= Sage Fruit Company =

Marketing firm

Sage Fruit Company is located in Yakima, WA. It is a sales and marketing firm that specialize in fresh apples, pears and cherries. The growers of Sage Fruit Company have been serving consumers worldwide for multiple generations. Sage Fruit growers farm several thousand acres of orchards throughout the state of Washington, as well as parts of Oregon.
Sage Fruit closed in 2025.

== Origins ==

The origins of Sage Fruit Company are rooted in the rich history of immigrant families who came to the fertile Yakima Valley to farm. They found the climate ideally suited for growing tree fruits. During the 1900s, these families decided to take their operations to the next level; they built packing facilities to complement their orchard businesses.

== Ownership ==

Four family businesses from Central Washington own Sage Fruit Company. These family businesses include Valley Fruit and Valicoff Fruit both in Wapato, Olympic Fruit in Moxee and Larson Fruit in Selah. Valley Fruit and Larson Fruit recently combined their packing operations and formed Legacy Fruit Packers in Wapato.
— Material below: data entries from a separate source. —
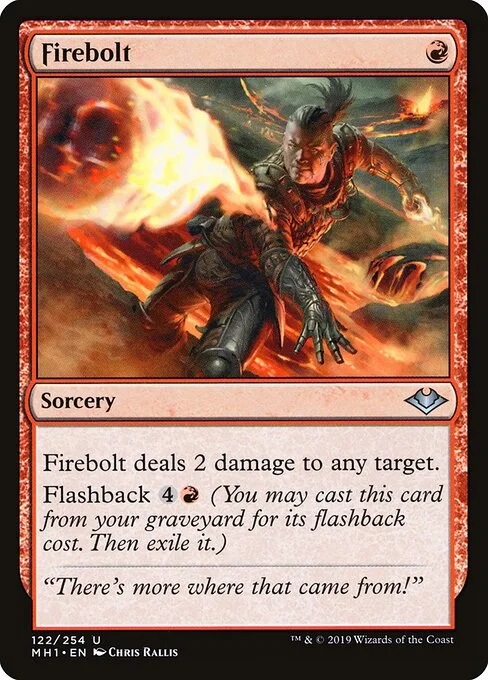 Firebolt, carta Magic di tipo Sorcery illustrata da Chris Rallis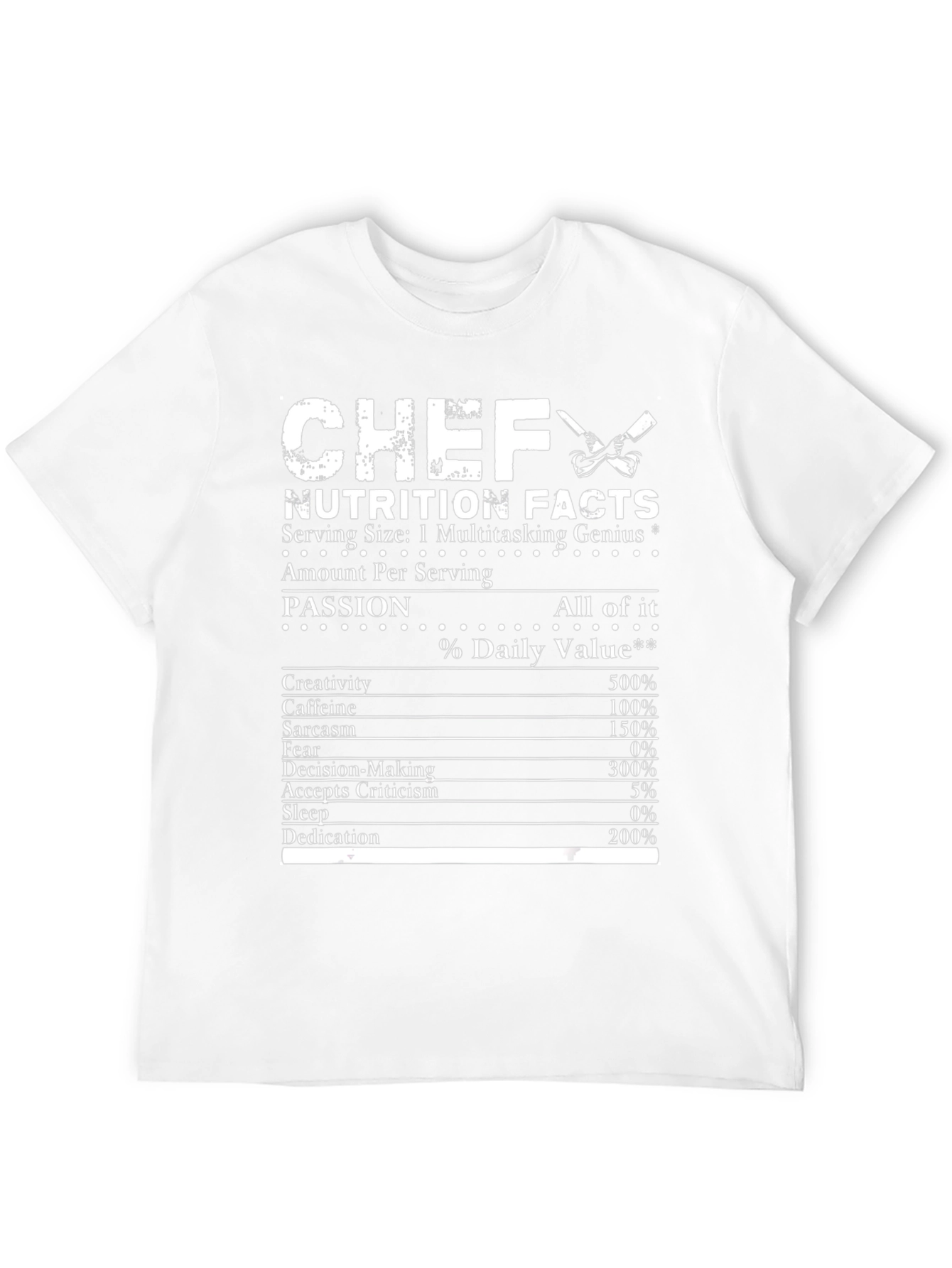 Chef Nutrition Facts T-Shirt Multitasking Genius Tee
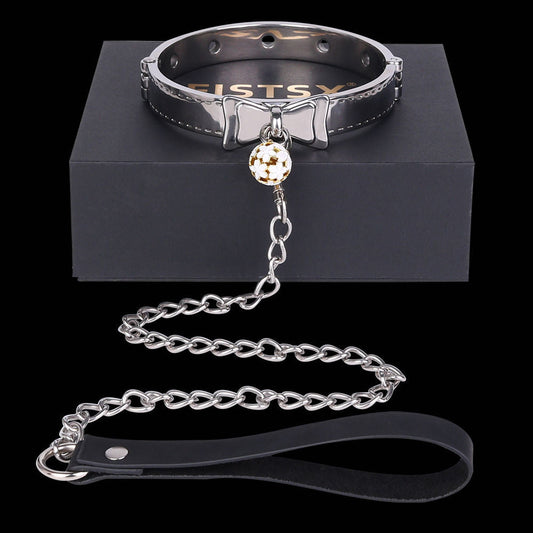 Bound Grace Stainless Steel Silver Bowtie Collar with Lead and Bell [Limited Time Offer]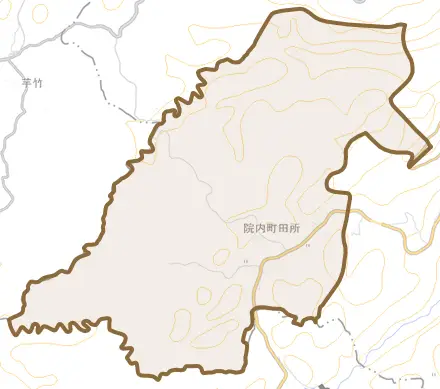 院内町田所とその周辺の地図。町の範囲を重ねている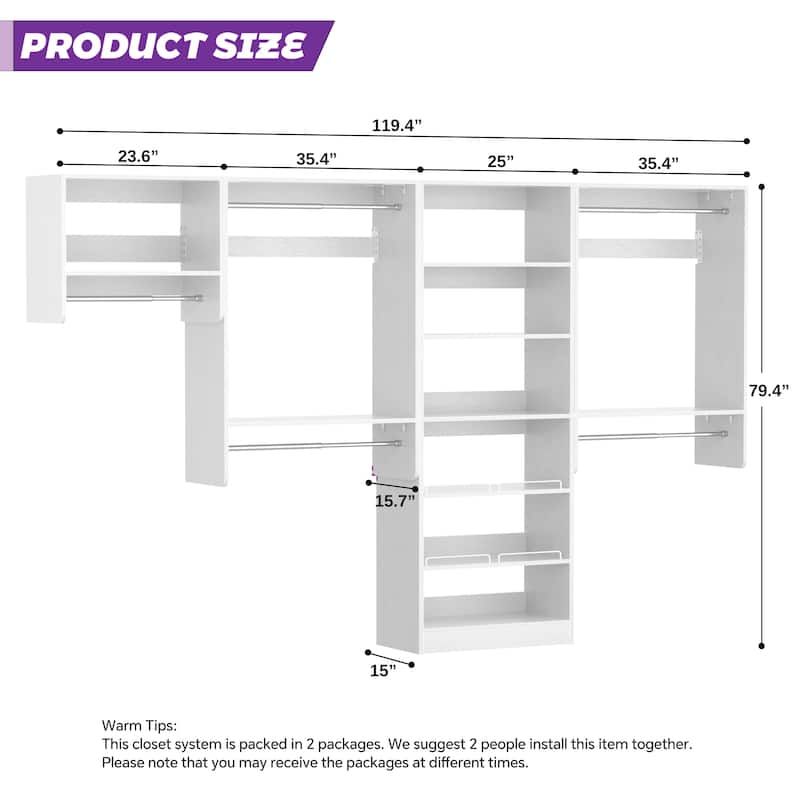 Cimly Set of 4 Closet System with Shoe Rack and Hanging Rods, 120'' Modular Heavy-duty Wall-mounted Closet Organizers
While Sage Fruit is made up of families who came to Yakima long ago, the sales and marketing company itself began operations in 1999 when the grower-shipper families decided it would be beneficial to join forces in order to provide consistent year-round supplies to customers.

== Present Day ==

Today, Sage Fruit Company supplies fruit to retailers nationwide, as well as to Asia, Europe, South America, Mexico and Canada.